10. Therefore, the Central Government, in view of the above holds that the transactions effected at the duty free shops at the arrival or departure of the International Airports in India might have taken place within the geographic territory of India, but for the purposes of levy of Customs Duties or any other taxes, the area of duty free shops shall be deemed to be the area beyond the customs frontiers of India. Although, the applicant bought goods from duty free shop at CSI Airport Mumbai, the same are deemed to be imported from across the Customs Frontiers of India and customs duty is payable on such goods. Since the applicant crossed the green channel without declarations and without payment of customs duty, the department has rightly proceeded against the Applicant.
11. The Central Government has thus applied the ratio laid down by Hon’ble Supreme Court in Hotel Ashoka (supra) and correctly held that the transactions effected at the duty free shops at the arrival or departure of the International Airports in India located after the passenger clears immigration might have taken place within the geographic territory of India, but for the purposes of levy of Customs Duties or any other taxes, the area of duty free shops shall be deemed to be the area beyond the customs frontiers of India and the transaction would be said to have taken place outside India.

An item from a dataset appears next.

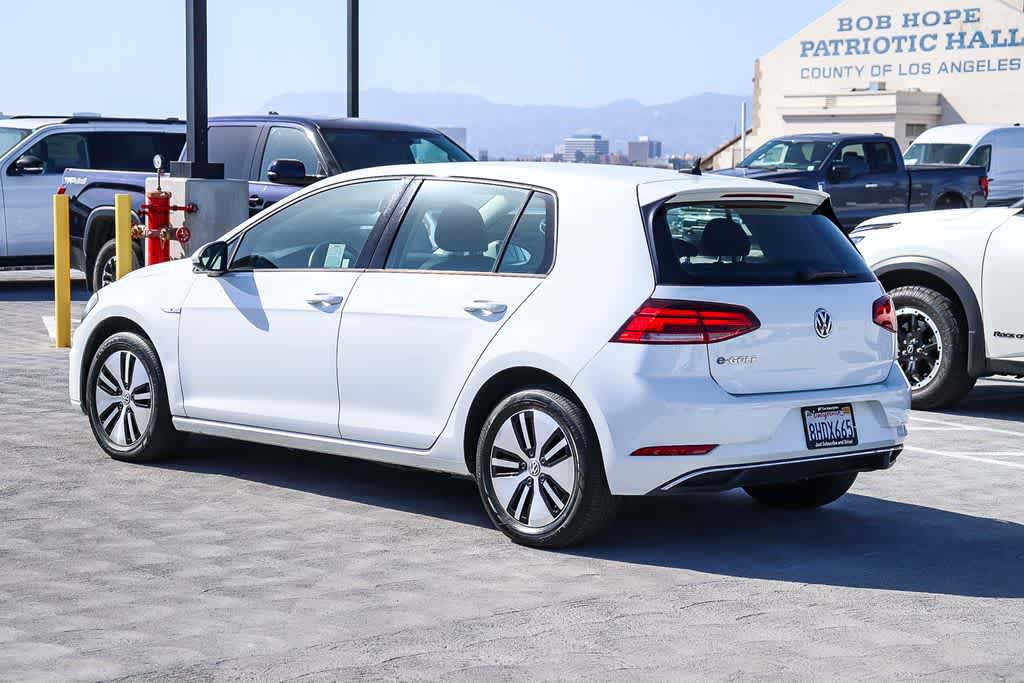 Used 2018 Volkswagen e-Golf SE FWD image 6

12. The aforesaid Judgments are clearly applicable only in respect of supplies to or from duty free shops situated after the passenger crosses the immigration counter beyond the Customs Frontiers, at arrival or departure hall of International Airport Terminals, where the transaction would be said to have taken place outside India. The International travel of incoming or outgoing passenger after immigration clearance would be beyond any doubt. In such event, whether it is the sale/purchase/supplies of goods or services, to or from such duty free shop, the same is said to be taken place outside India. Hence, the same would be a “nontaxable supply” under Section 2(78) of CGST/SGST and such duty free Shops located at the International Airports would be in “nontaxable territory” as defined in Section 2(79) of CGST/SGST. As per section 2(24) of IGST, the same meaning as given in CGST/SGST applies for IGST as well.
13. Whereas in the GST regime, the aforesaid Judgments would squarely apply for the sale/purchase/supplies of goods or services to or from duty free shop situated after the passenger crosses the immigration counter at arrival or departure hall of International Airport Terminals; however, they would have no application to shops located at a domestic Airport or Domestic Security Hold Area, which are before even the immigration clearance by a passenger, where the transaction cannot be said to have taken place in any area beyond the customs frontiers of India or outside India. Even otherwise, a passenger travelling on a domestic flight from Nagpur may or may not travel abroad, and the Customs Authorities would not be able to have effective check and control to verify whether the goods purchased from Domestic Airport at Nagpur are actually taken abroad by the passenger.
14. We are thus unable to agree with the petitioner and find no merit in this petition. No case is made out even on prima facie basis to issue any directions or any notice in that regard. With the above observations, the petition stands dismissed.